Well, one thing we DO know: If something is banned and you go ahead and defy the ban, you are automatically cool. And in today's world, cool outranks faithful every time.

Anonymous said...

Ignoring a silly ban imposed by a well-meaning but misinformed pastor is not "unfaithful."

mordacil said...

When Catholics take a stand against a silly issue like Harry Potter, they undermine any moral authority they might claim when trying to take a stand against something that is genuinely harmful. When you want to discourage Harry Potter, you sound a silly as those who wanted to ban Huck Finn. You put yourself in the camp of those knee-jerk evangelicals that want to ban and burn everything that isn't explicitly about Christianity. That is a mindset far removed from Catholic tradition, in which we can draw out what is good and noble from even pagan sources.

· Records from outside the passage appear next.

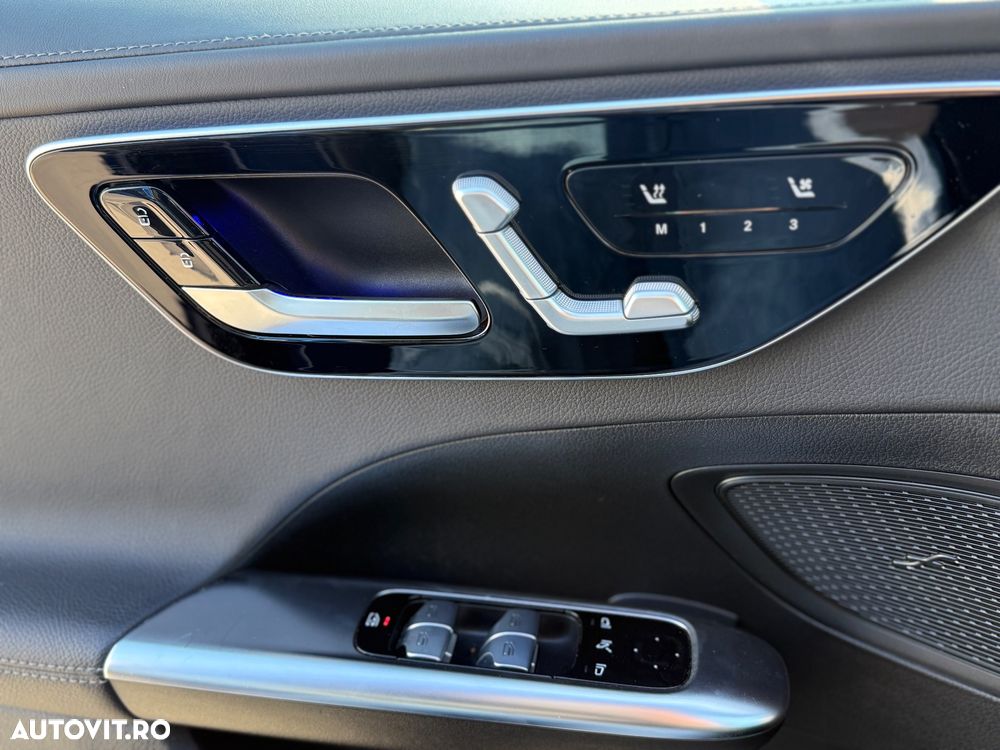 Mercedes-Benz C 300 4Matic 9G-TRONIC AMG Line - 11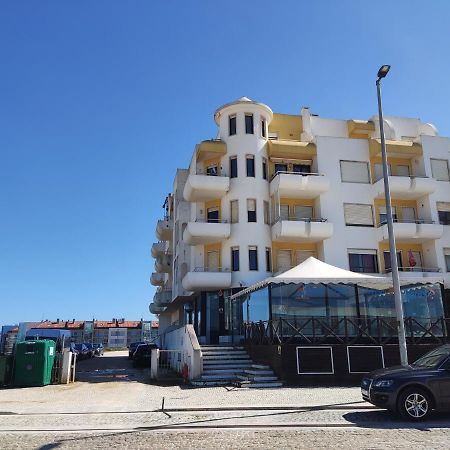 Apartment By The Beach! With Large Balcony! サン・マルティーニョ・ド・ポルト エクステリア 写真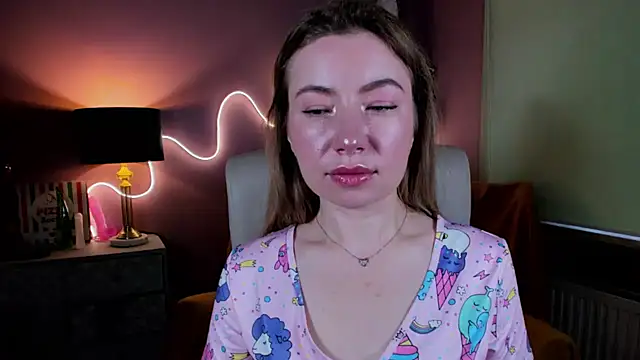 Mia Tasty online show from November 15, 2025, 8:07 am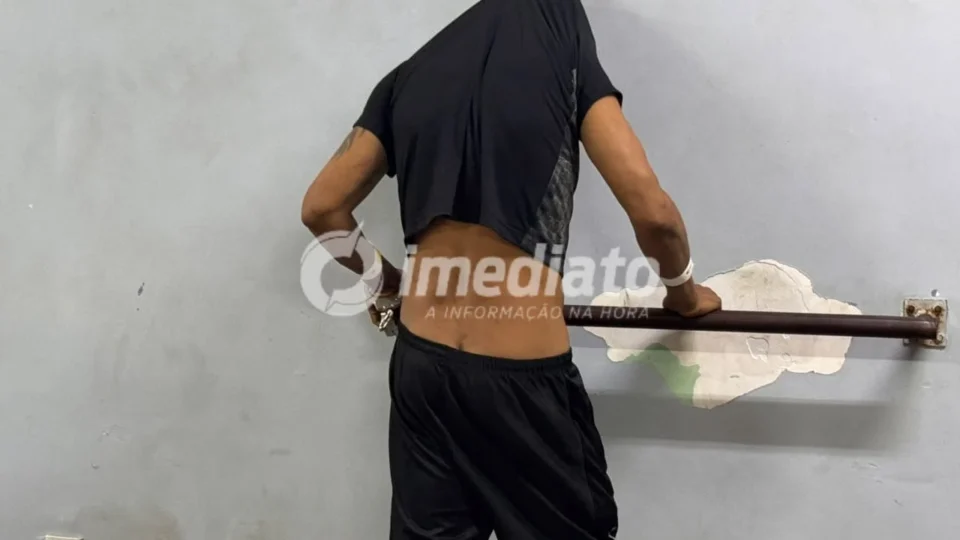 Homem é preso após invadir igreja, furtar objetos e ser detido por moradores no bairro Chapada, em Manaus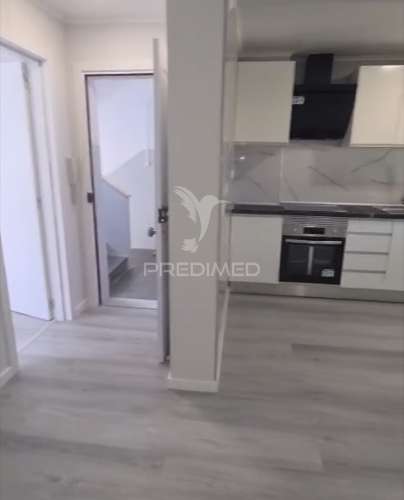 Apartamento t3 — excelente oportunidade de remodelação total no laranjeiro (almada)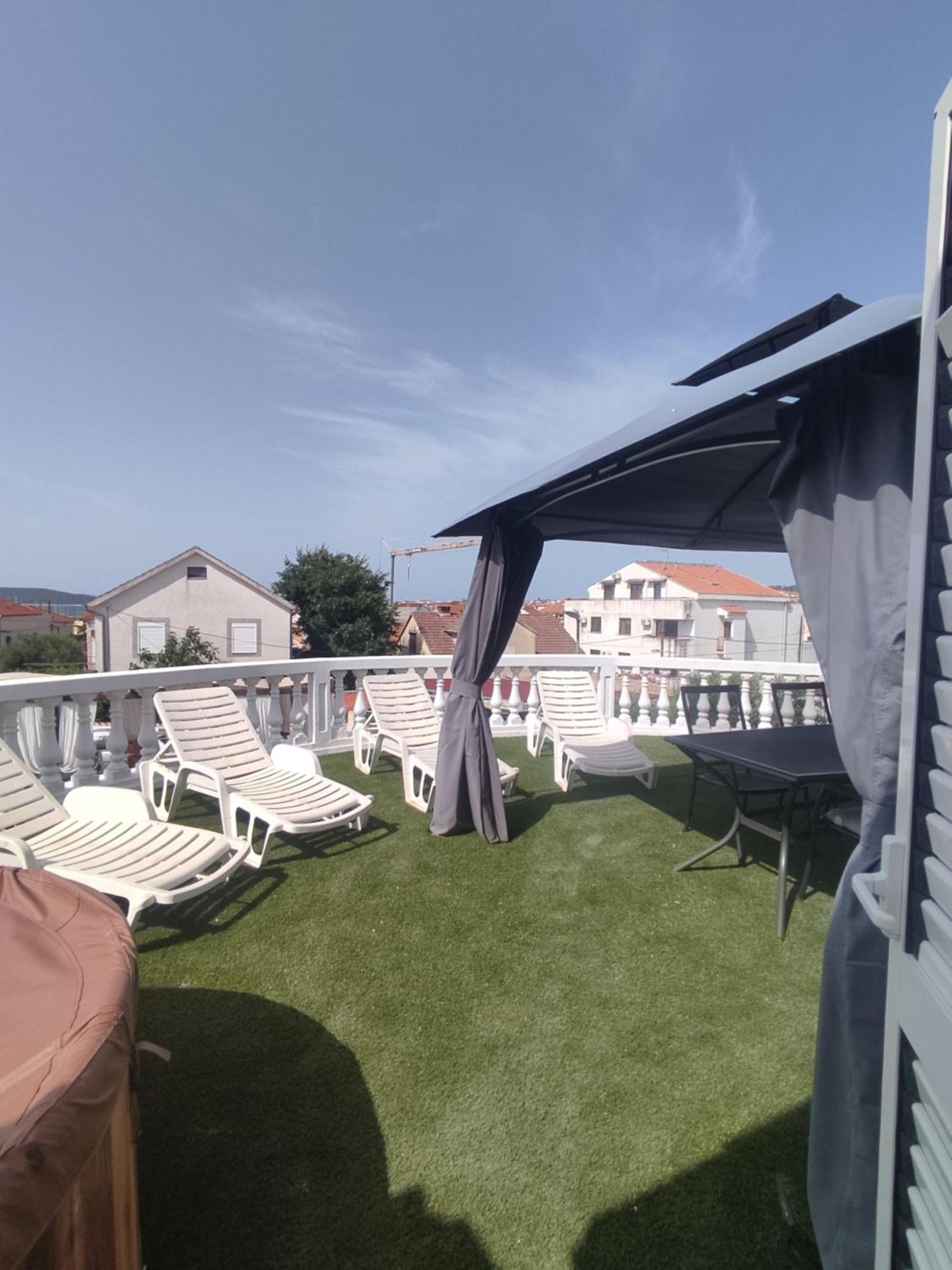 Apartments Villa Dalmatina Vodice Exterior foto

I am a father of four young boys. I work hard, skimping and saving to put them through Catholic school. I converted to the Catholic church in 2014 and have a deep love for the TLM and dove deep into Catholic history and theology.

However, I have been a fan of harry Potter books since I was a child and will be happy to share these stories with my own children. There is nothing in those books contrary to the Catholic faith. They are pretty neutral and don't really mention the truly supernatural at all. All of the fantasy and magic in those stories are more like natural phenomena unknown to our science than they are like the cosmic spiritual battle for our souls between heaven and hell. The magic mechanic in those stories is something natural to the beings who possess it and there is no recourse to demons or spiritual energies. "Magic" in these stories is just something some people are born with. Its a fantastical settings to explore themes of good vs. evil in the physical realm, love, friendship, and combating prejudice. These are not inconsistent with Catholic values.

As mentioned above, the "spells" are just Latin-derived words that make no reference to spiritual forces at all. Also, as mentioned above, why not exclude Lord of the Rings, Narnia, all pagan mythology, or anything else that invokes "magic"?

Anonymous said...

So now the exercise of caution undermines the Church's moral authority?

mordacil said...

The "Church" has not ruled on Harry Potter. These are the prudential judgements of individual pastors. There are pastors who have endorsed Harry Potter as well, so it is inconsistent to reject their moral authority when this is not a settled doctrine.

TJM said...

mordacii,

What pastors have endorsed Harry Potter? Seems like a strange thing for a priest to do. Did they also endorse the Wizard of Oz?